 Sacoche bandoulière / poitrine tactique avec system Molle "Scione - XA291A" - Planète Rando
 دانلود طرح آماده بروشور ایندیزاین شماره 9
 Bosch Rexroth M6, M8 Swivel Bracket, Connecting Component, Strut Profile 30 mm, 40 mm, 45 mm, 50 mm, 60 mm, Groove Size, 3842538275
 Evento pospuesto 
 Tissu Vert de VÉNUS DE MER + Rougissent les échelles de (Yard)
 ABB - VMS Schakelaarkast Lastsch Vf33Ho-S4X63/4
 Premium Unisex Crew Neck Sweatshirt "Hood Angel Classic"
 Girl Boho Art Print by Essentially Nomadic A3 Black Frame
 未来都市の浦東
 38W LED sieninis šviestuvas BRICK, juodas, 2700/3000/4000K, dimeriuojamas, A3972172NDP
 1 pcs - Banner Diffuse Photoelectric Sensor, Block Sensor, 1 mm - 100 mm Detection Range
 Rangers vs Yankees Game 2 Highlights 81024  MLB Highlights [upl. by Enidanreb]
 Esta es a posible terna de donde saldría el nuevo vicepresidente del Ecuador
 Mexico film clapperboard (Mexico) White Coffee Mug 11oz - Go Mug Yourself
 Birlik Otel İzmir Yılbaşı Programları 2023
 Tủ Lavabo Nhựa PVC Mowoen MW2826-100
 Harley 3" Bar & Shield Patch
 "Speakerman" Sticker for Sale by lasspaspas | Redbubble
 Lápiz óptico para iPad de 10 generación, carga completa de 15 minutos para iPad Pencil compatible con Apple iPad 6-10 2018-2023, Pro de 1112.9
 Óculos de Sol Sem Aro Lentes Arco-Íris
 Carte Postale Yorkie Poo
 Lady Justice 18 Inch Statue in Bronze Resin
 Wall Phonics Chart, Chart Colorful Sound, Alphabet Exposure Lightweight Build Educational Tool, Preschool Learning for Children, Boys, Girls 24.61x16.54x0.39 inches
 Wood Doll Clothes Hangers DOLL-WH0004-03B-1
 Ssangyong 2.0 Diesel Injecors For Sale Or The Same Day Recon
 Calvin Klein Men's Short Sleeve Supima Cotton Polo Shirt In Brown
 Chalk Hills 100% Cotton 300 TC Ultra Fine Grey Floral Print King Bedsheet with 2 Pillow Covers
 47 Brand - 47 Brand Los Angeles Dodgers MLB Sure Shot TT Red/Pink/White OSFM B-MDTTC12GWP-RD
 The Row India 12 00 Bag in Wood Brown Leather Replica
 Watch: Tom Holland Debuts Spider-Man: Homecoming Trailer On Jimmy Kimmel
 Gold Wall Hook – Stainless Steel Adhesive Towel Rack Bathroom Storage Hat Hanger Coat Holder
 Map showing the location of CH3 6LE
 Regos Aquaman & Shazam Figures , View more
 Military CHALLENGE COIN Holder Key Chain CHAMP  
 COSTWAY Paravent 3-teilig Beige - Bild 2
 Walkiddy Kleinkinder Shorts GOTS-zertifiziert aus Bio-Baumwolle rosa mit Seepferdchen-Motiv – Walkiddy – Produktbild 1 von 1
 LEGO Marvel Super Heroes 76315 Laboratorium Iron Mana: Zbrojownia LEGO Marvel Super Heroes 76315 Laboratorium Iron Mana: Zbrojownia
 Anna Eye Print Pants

------------------------------------

**Work instruction:** Your answer should consist of the lines from the material that contain "Print".

**Task solution:**
 Girl Boho Art Print by Essentially Nomadic A3 Black Frame
 Chalk Hills 100% Cotton 300 TC Ultra Fine Grey Floral Print King Bedsheet with 2 Pillow Covers
 Anna Eye Print Pants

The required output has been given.